How to complete this task >> When you reproduce the listing, keep every word as it is and drop the pictures.

(Data records begins)

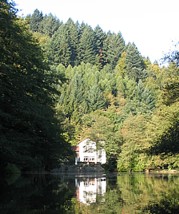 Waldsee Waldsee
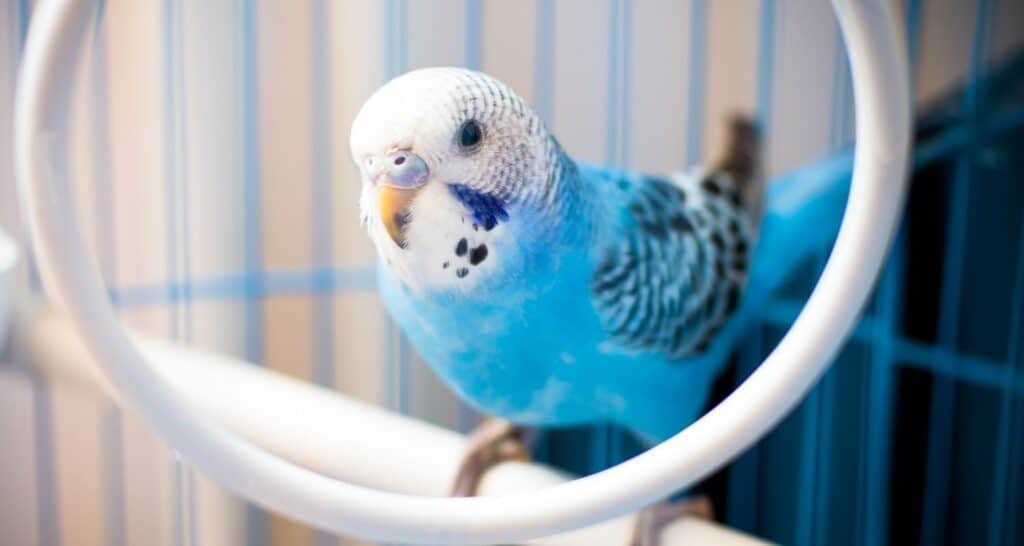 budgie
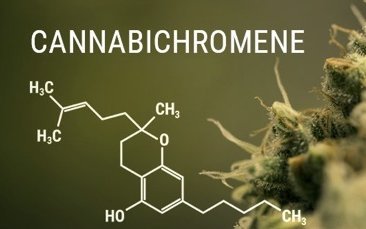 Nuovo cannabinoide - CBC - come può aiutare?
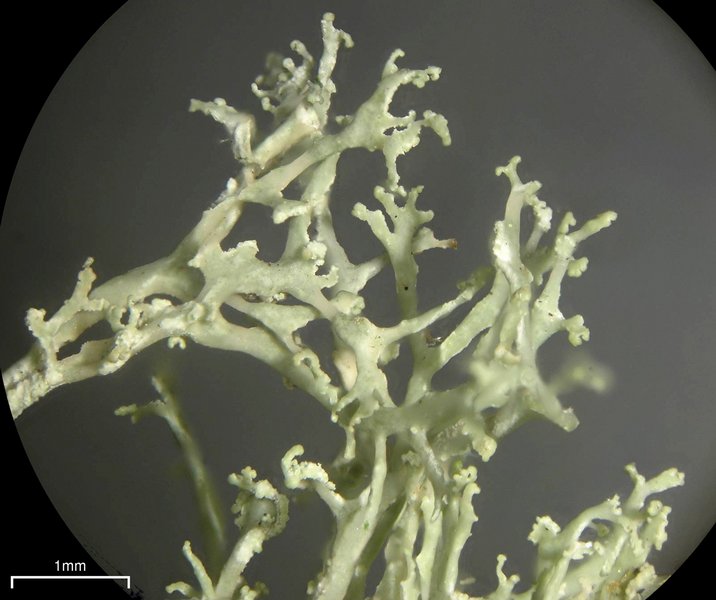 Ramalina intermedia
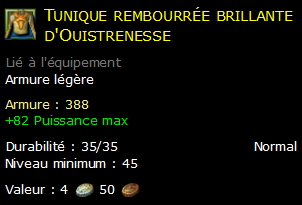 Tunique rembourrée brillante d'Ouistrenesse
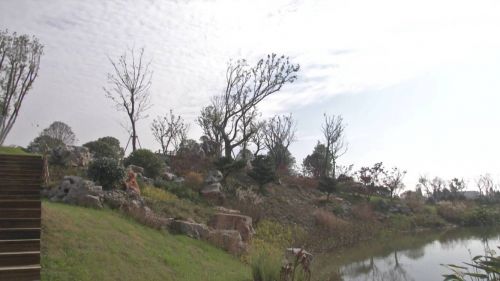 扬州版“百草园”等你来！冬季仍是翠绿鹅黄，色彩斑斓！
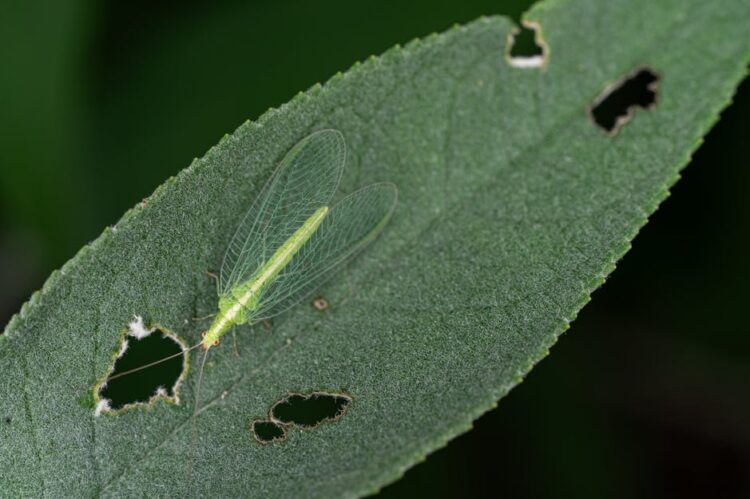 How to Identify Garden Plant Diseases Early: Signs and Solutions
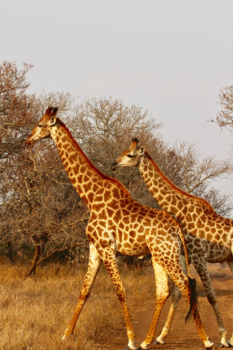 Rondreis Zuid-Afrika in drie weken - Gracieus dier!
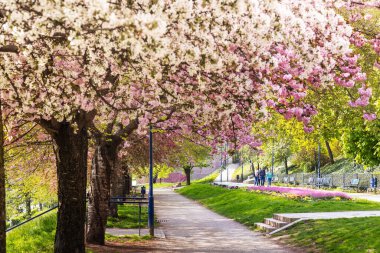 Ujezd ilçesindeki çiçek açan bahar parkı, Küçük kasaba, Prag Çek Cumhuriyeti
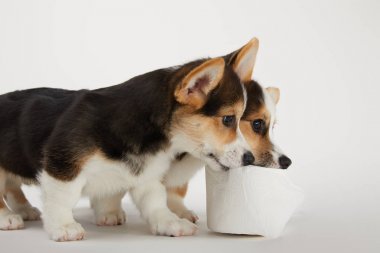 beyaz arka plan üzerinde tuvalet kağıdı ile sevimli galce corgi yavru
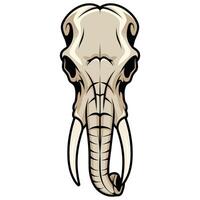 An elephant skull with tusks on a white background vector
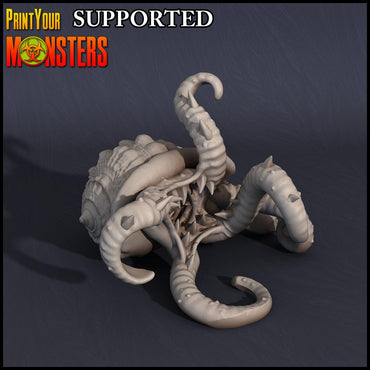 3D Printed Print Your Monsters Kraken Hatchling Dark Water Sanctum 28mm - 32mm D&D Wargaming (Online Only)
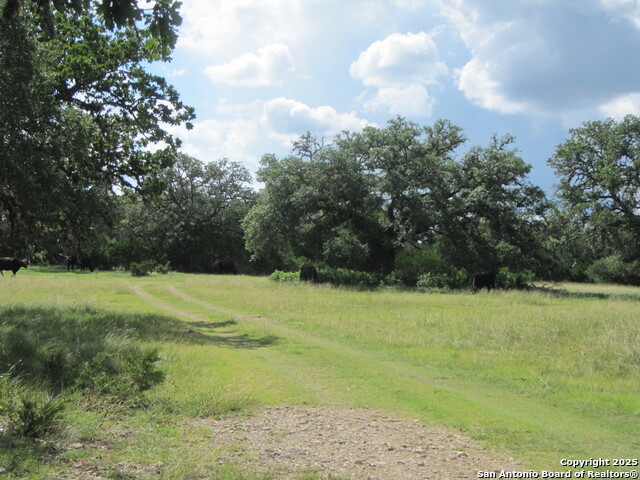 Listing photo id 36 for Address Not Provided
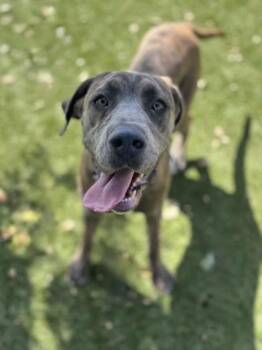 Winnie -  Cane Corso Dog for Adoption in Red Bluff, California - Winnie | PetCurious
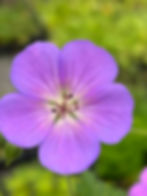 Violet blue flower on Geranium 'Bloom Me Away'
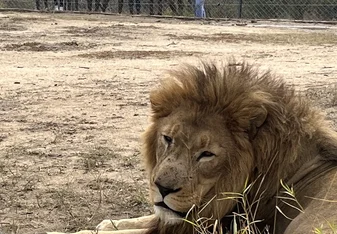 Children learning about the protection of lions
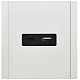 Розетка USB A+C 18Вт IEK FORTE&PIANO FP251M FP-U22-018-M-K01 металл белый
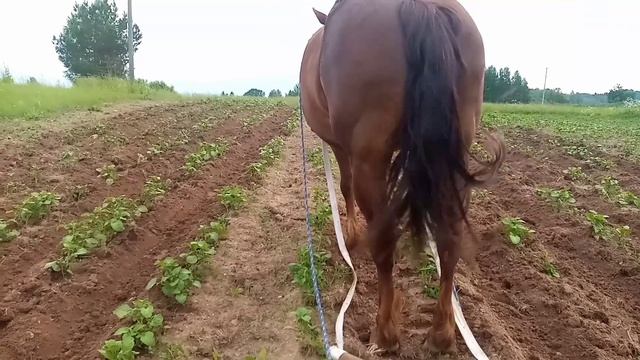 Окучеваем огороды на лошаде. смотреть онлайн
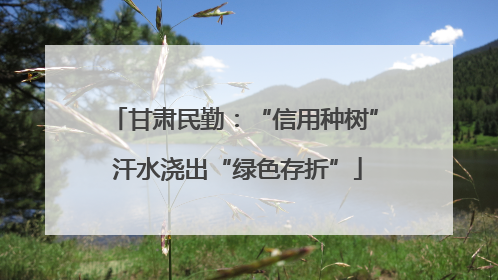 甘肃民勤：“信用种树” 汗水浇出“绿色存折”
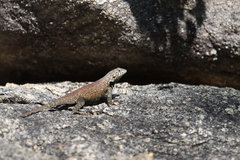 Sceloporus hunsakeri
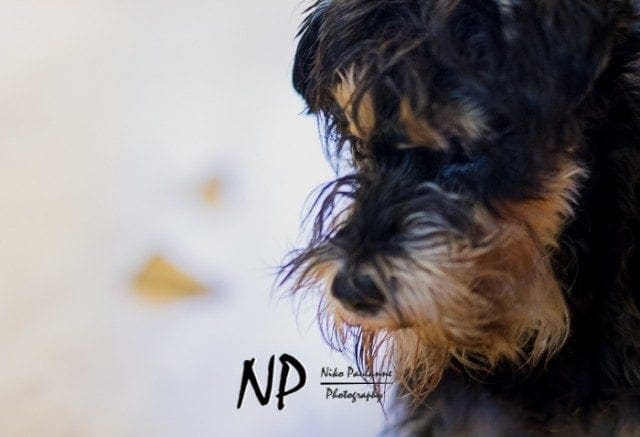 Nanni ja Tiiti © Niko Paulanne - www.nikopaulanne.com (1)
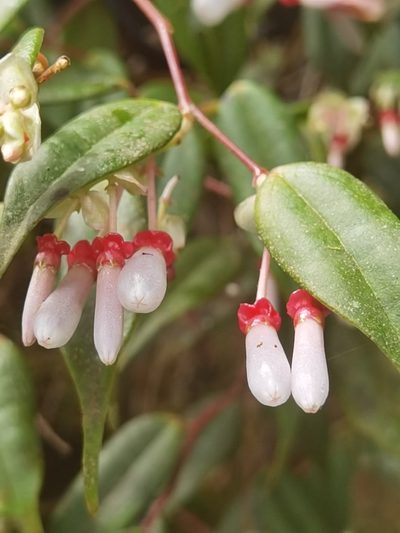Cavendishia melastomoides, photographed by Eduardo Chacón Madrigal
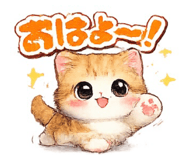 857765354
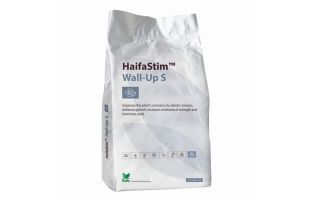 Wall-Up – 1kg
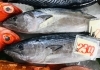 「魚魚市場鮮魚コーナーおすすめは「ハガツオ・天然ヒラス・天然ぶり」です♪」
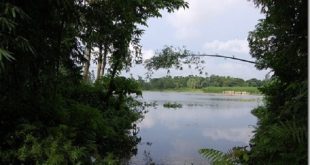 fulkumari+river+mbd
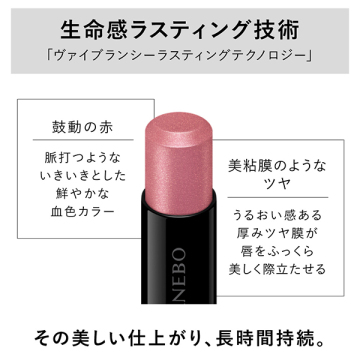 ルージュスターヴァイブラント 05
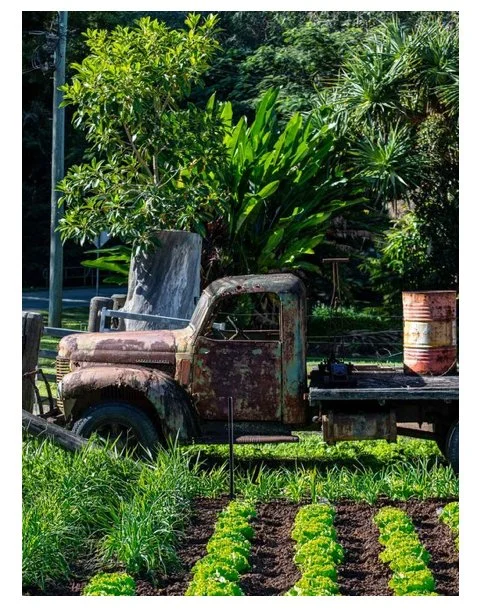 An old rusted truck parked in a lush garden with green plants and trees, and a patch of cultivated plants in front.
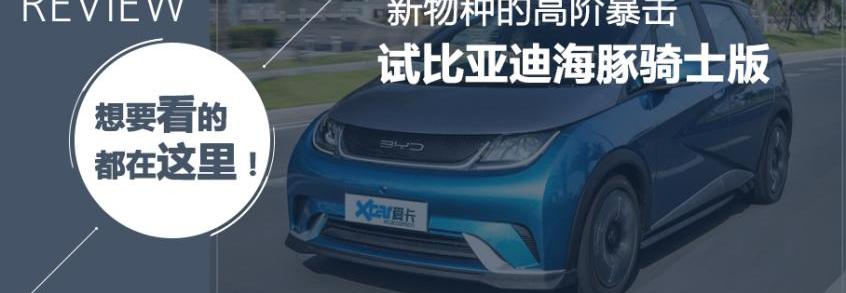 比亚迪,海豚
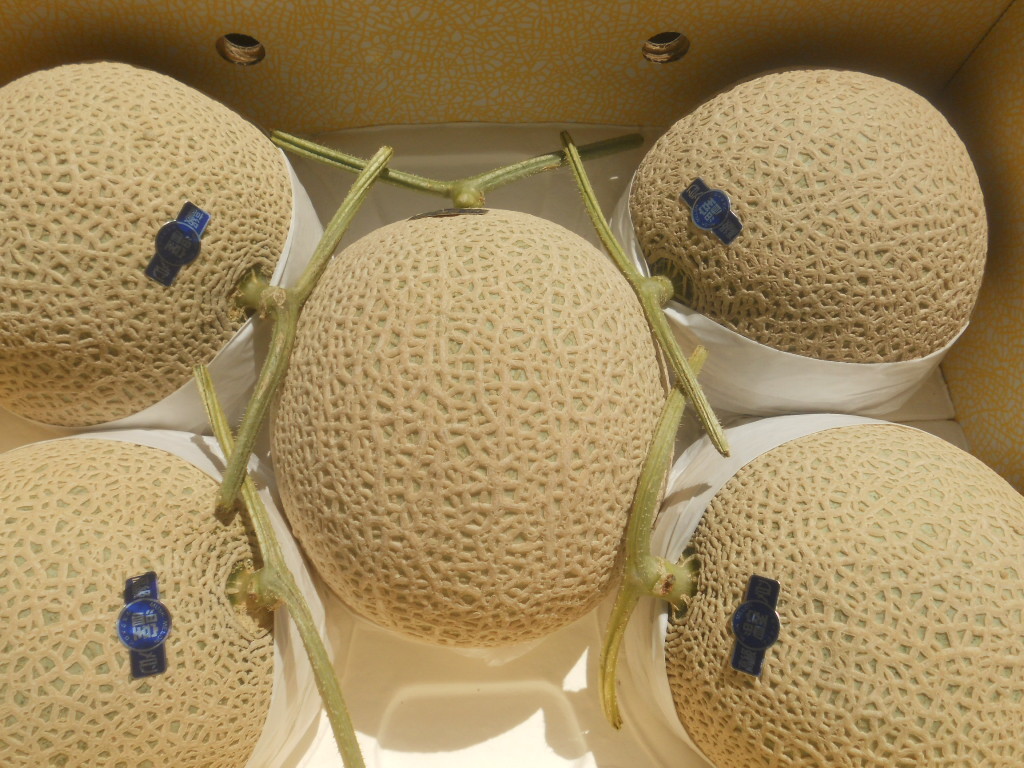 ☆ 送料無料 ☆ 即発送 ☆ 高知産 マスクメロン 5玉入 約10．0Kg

(Data records ends)

Your solution >>
 Waldsee Waldsee
 budgie
 Nuovo cannabinoide - CBC - come può aiutare?
 Ramalina intermedia
 Tunique rembourrée brillante d'Ouistrenesse
 扬州版“百草园”等你来！冬季仍是翠绿鹅黄，色彩斑斓！
 How to Identify Garden Plant Diseases Early: Signs and Solutions
 Rondreis Zuid-Afrika in drie weken - Gracieus dier!
 Ujezd ilçesindeki çiçek açan bahar parkı, Küçük kasaba, Prag Çek Cumhuriyeti
 beyaz arka plan üzerinde tuvalet kağıdı ile sevimli galce corgi yavru
 An elephant skull with tusks on a white background vector
 3D Printed Print Your Monsters Kraken Hatchling Dark Water Sanctum 28mm - 32mm D&D Wargaming (Online Only)
 Listing photo id 36 for Address Not Provided
 Winnie -  Cane Corso Dog for Adoption in Red Bluff, California - Winnie | PetCurious
 Violet blue flower on Geranium 'Bloom Me Away'
 Children learning about the protection of lions
 Розетка USB A+C 18Вт IEK FORTE&PIANO FP251M FP-U22-018-M-K01 металл белый
 Окучеваем огороды на лошаде. смотреть онлайн
 甘肃民勤：“信用种树” 汗水浇出“绿色存折”
 Sceloporus hunsakeri
 Nanni ja Tiiti © Niko Paulanne - www.nikopaulanne.com (1)
Cavendishia melastomoides, photographed by Eduardo Chacón Madrigal
 857765354
 Wall-Up – 1kg
 「魚魚市場鮮魚コーナーおすすめは「ハガツオ・天然ヒラス・天然ぶり」です♪」
 fulkumari+river+mbd
 ルージュスターヴァイブラント 05
 An old rusted truck parked in a lush garden with green plants and trees, and a patch of cultivated plants in front.
 比亚迪,海豚
 ☆ 送料無料 ☆ 即発送 ☆ 高知産 マスクメロン 5玉入 約10．0Kg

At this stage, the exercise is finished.